• _Assignment_
Each line from the one with "Mdina Machine Washable" through the last line of the material is to be printed exactly; no other line and no picture belongs in the copy.

• _Exercise data_
┄┄┄┄┄┄
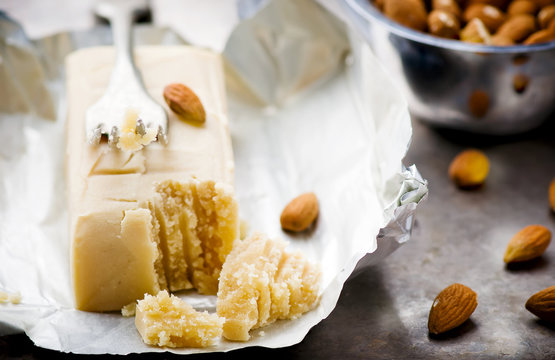 piece of crude marzipan.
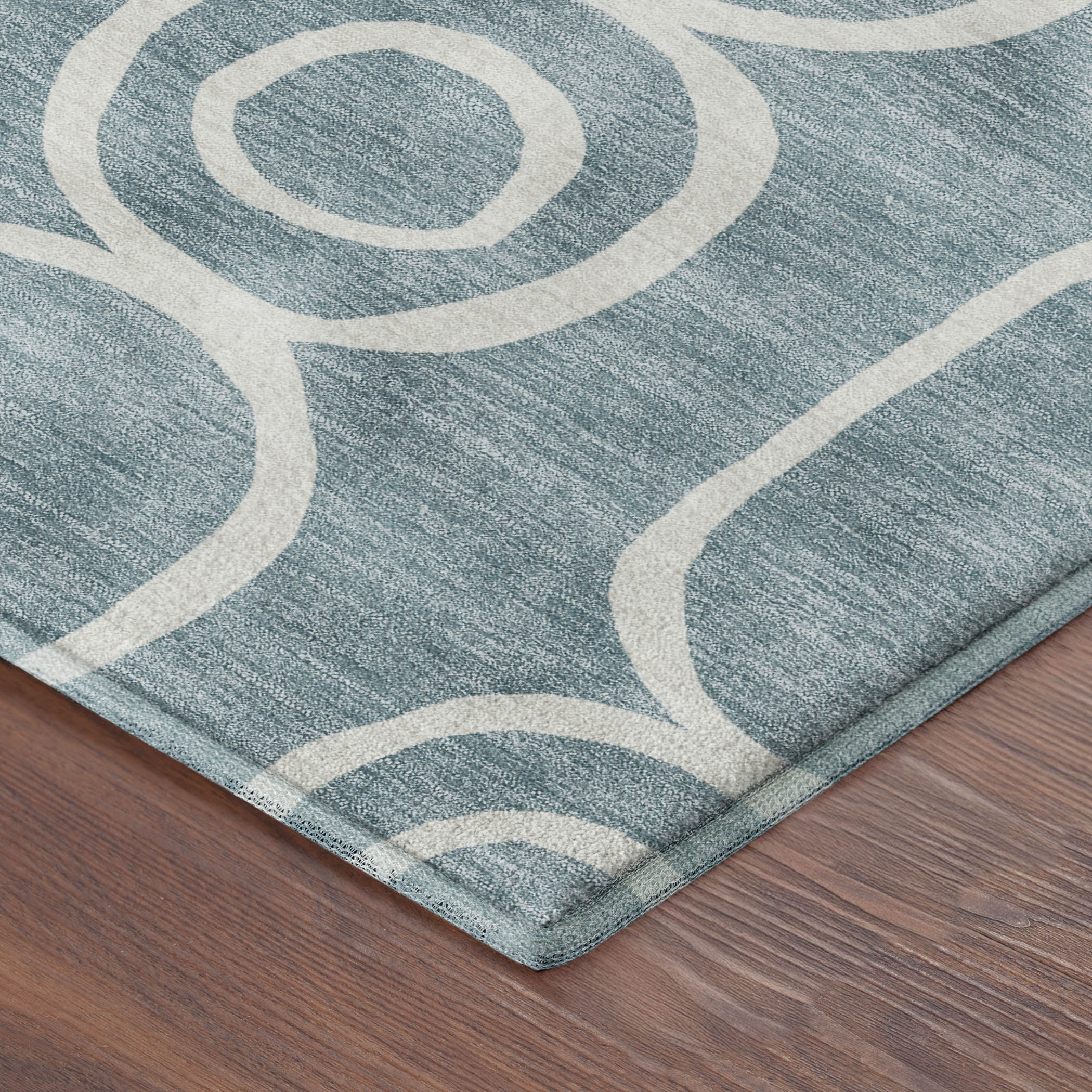 Mdina Machine Washable Transitional Aqua Teal Rug 1'8" x 2'6" #shape_Rectangle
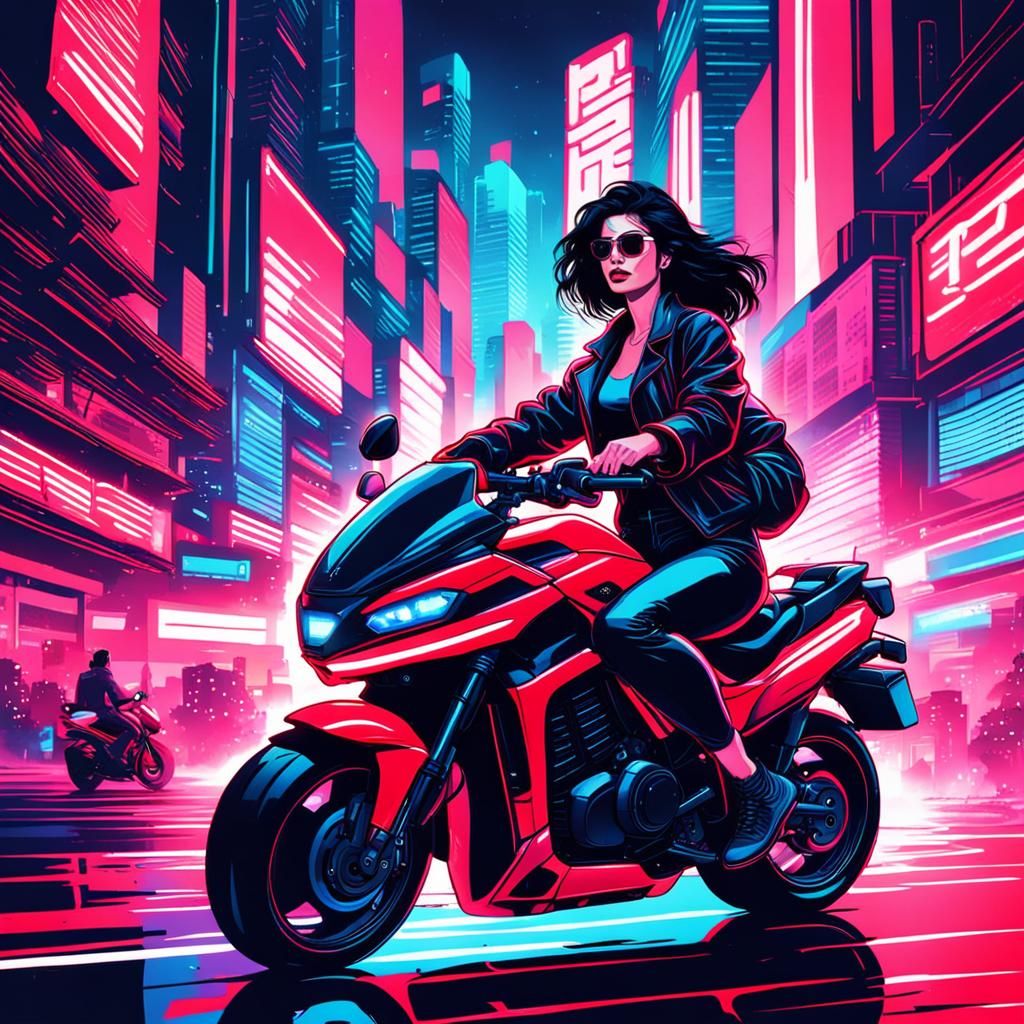 Synthwave Motorcycle Ride in Neon City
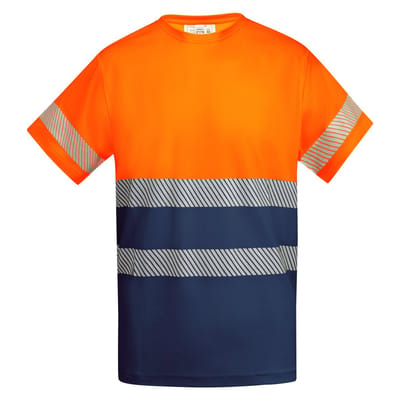 2 Pack Technisch hoog zichtbaar / High Visability T-shirt met korte mouwen Oranje / Donker Blauw model Tauri merk Roly maat S
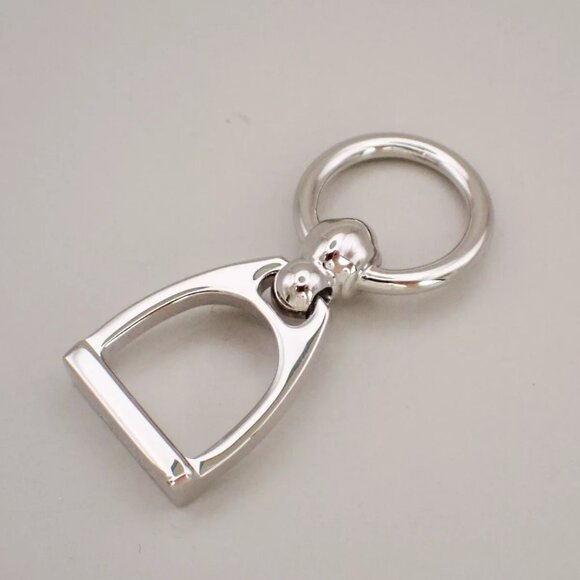 HERMES Logo Charms Etrier Twilly Scarf Ring Metal Silver Italy Accessory - Picture 7 of 9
┄┄┄┄┄┄
• _The answer_
 Mdina Machine Washable Transitional Aqua Teal Rug 1'8" x 2'6" #shape_Rectangle
 Synthwave Motorcycle Ride in Neon City
 2 Pack Technisch hoog zichtbaar / High Visability T-shirt met korte mouwen Oranje / Donker Blauw model Tauri merk Roly maat S
 HERMES Logo Charms Etrier Twilly Scarf Ring Metal Silver Italy Accessory - Picture 7 of 9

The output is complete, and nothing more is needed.